Some other examples of get() requests:
>>> # Return all unique 'session' directories
>>> layout.get(target='session', return_type='dir')
['7t_trt/sub-08/ses-1',
'7t_trt/sub-06/ses-2',
'7t_trt/sub-01/ses-2',
...
]
>>> # Return a list of unique file types available for subject 1
>>> layout.get(target='type', return_type='id', subject=1)
['T1map', 'magnitude2', 'magnitude1', 'scans', 'bold', 'phasediff', 'T1w', 'physio']
Find the nearest matching entity
A common use case when working with BIDS projects is to find the nearest entity of a given type that matches a particular input image. For example, one might want to find the .bval or .bvec file that applies to a particular nifti image.

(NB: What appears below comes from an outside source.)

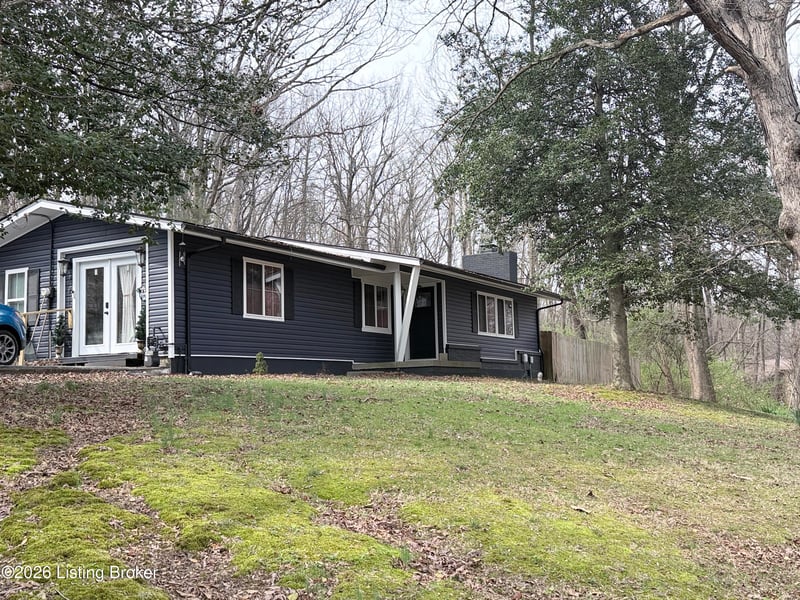 7416 Colt Dr, Louisville, KY 40214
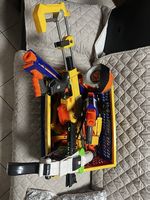 Diverse Nerf-Blaster und Munition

The location of such files is underdetermined by the BIDS spec (which seeks to minimize redundancy, so it allows metadata and other files to be placed at varying levels of the project hierarchy). Fortunately, we can try to locate the nearest matching file by walking up the file tree from a given target:
>>> layout.find_match(target='bval', source='7t_trt/sub-03/ses-2/func/sub-03_ses-2_task-rest_acq-fullbrain_run-2_bold.nii.gz')

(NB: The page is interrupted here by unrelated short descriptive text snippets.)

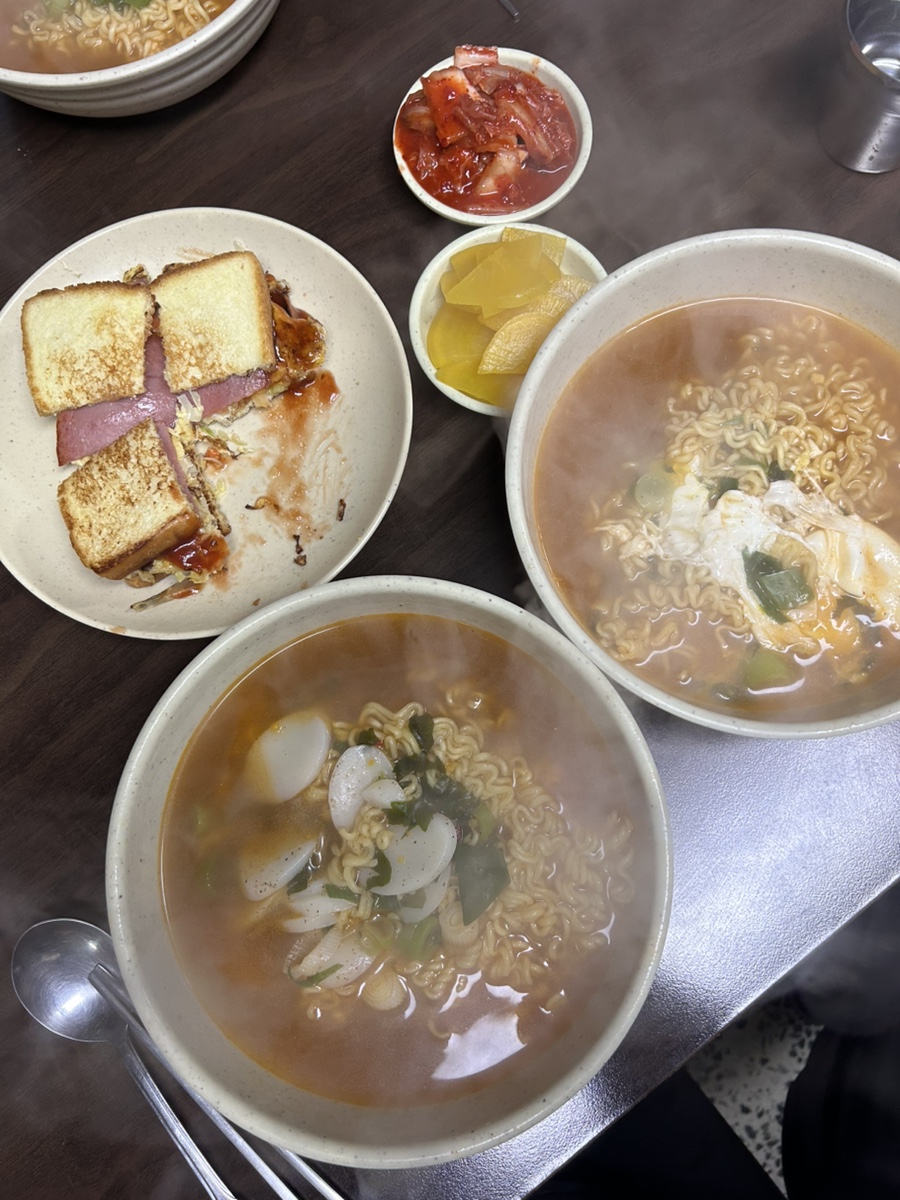유나의 토스트 이미지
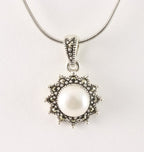 Fijne zilveren hanger met marcasiet en parel aan ketting afbeelding 1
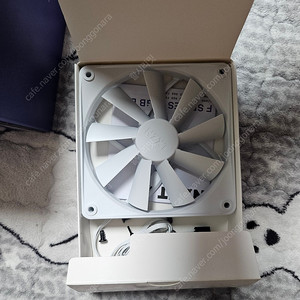 NZXT F120Q (Matte White) 미사용 쿨러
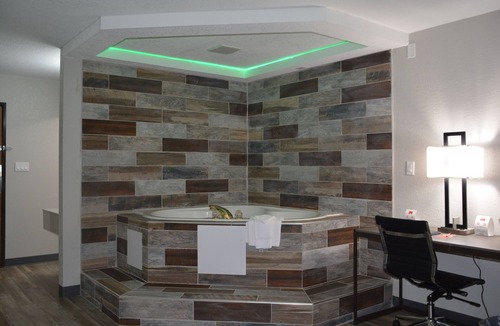 Lovington Hotel | Sonesta Essential Des Moines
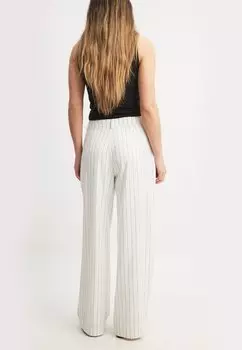 Брюки NA-KD, молочный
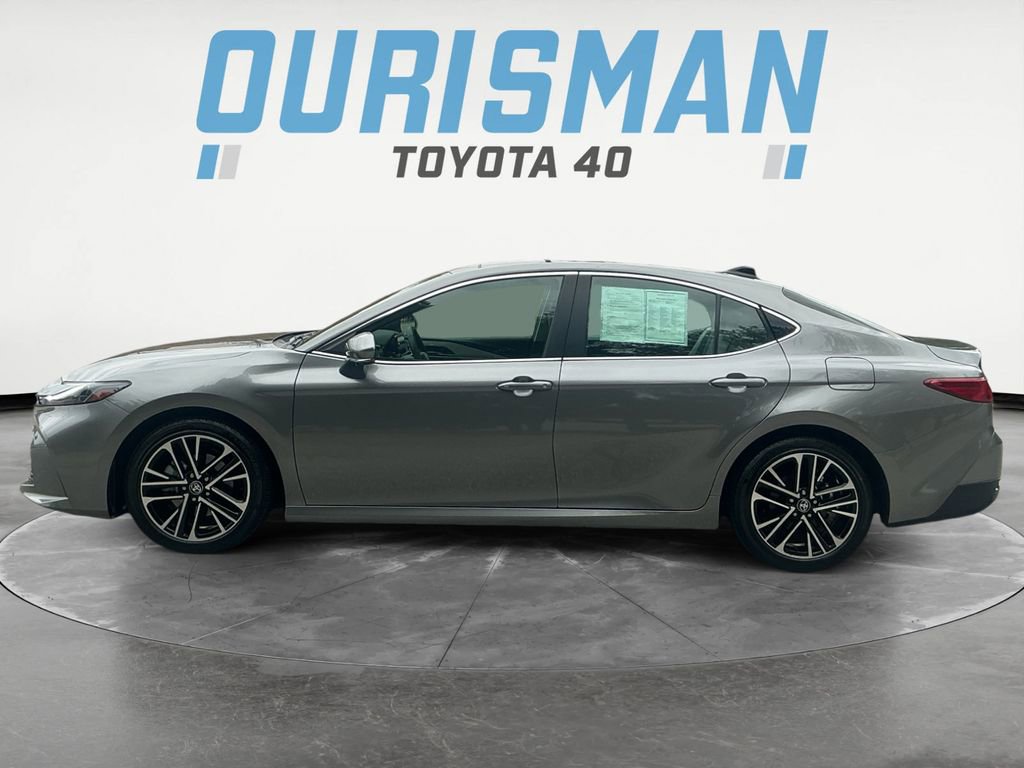 2025 Toyota Camry XLE photo 3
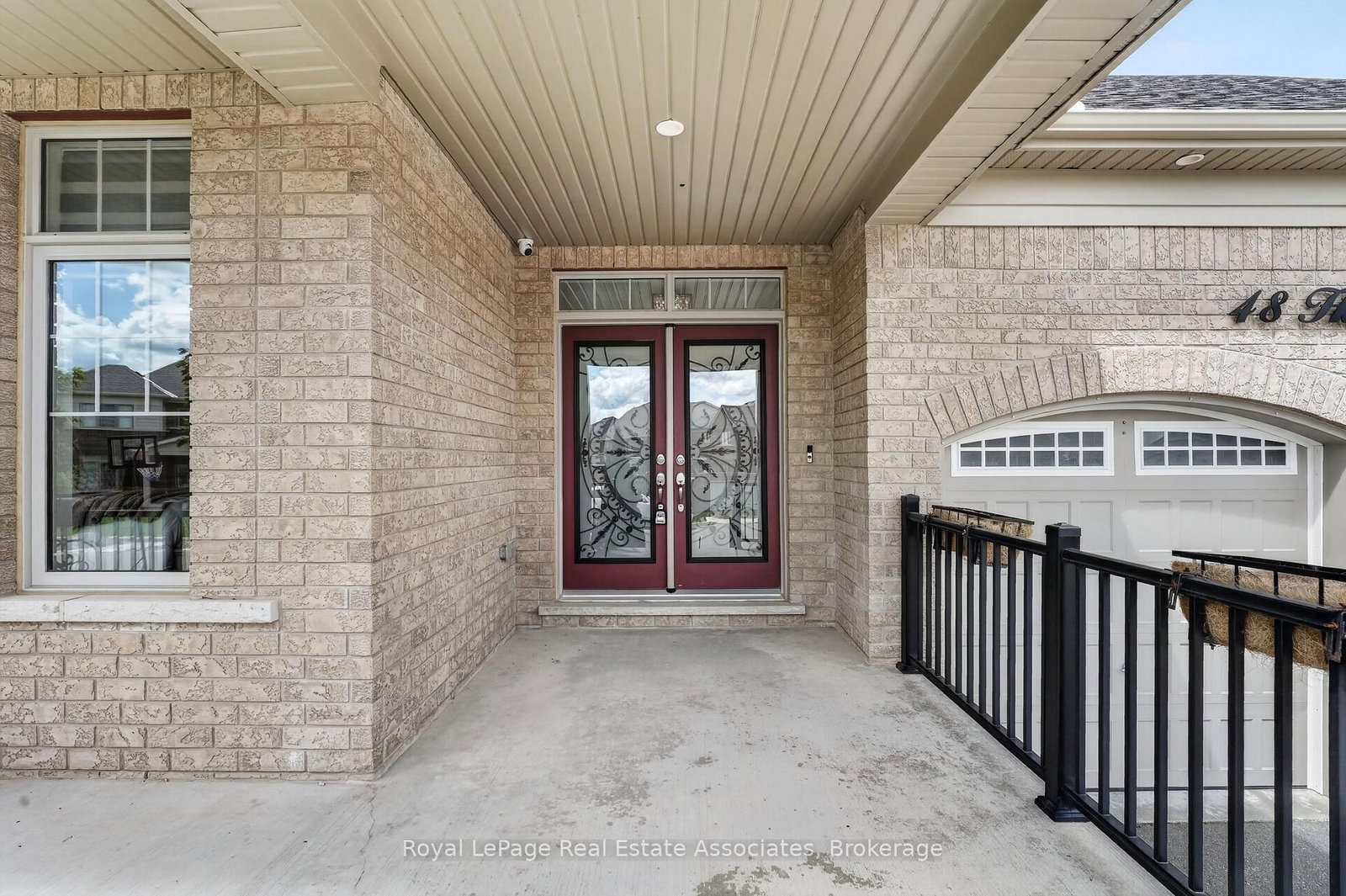 48 HARPIN Way E • Centre Wellington, ON photo 2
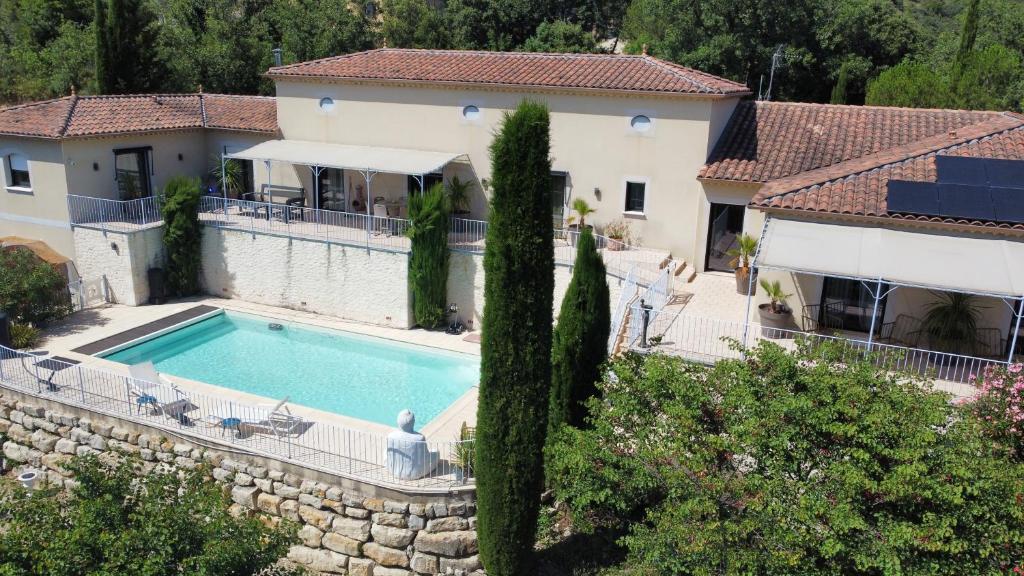 Bazén v ubytování Bastide Saint-Thomé nebo v jeho okolí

"7t_trt/sub-03/sub-03-test.bval"
For DIYers
If you want to run more complex queries, grabbids provides an easy way to return the full project tree (or a subset of it) as a pandas DataFrame:
>>> # Return all session 1 files as a pandas DF
>>> layout.as_data_frame(session=1)
Each row is a single file, and each defined entity is automatically mapped to a column in the DataFrame.